**Extracted records:**
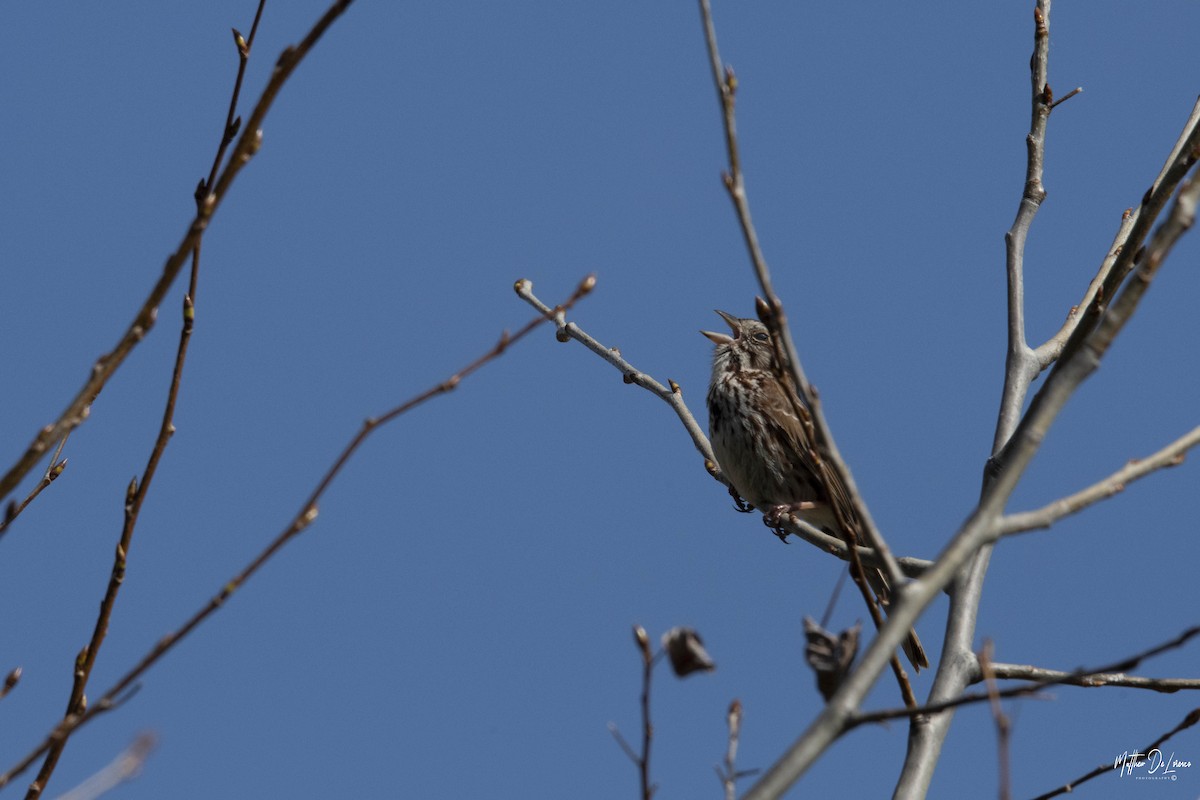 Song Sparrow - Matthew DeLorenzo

--

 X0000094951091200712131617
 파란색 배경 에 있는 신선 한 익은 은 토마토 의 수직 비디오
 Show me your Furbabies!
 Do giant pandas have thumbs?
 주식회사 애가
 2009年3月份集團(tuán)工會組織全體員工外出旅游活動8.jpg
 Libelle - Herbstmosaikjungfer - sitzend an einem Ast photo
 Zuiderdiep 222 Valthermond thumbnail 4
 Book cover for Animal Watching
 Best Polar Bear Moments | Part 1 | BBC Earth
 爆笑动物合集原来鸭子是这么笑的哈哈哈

--

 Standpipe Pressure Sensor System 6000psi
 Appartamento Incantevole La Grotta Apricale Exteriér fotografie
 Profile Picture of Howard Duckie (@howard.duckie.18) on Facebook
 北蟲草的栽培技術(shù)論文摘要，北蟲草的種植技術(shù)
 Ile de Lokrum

**Task description:** Word for word, restate the lines of the listing above starting at the line with "Standpipe Pressure Sensor System 6000psi" and ending at the line with "Ile de Lokrum", and nothing outside them.

**Task result:**
 Standpipe Pressure Sensor System 6000psi
 Appartamento Incantevole La Grotta Apricale Exteriér fotografie
 Profile Picture of Howard Duckie (@howard.duckie.18) on Facebook
 北蟲草的栽培技術(shù)論文摘要，北蟲草的種植技術(shù)
 Ile de Lokrum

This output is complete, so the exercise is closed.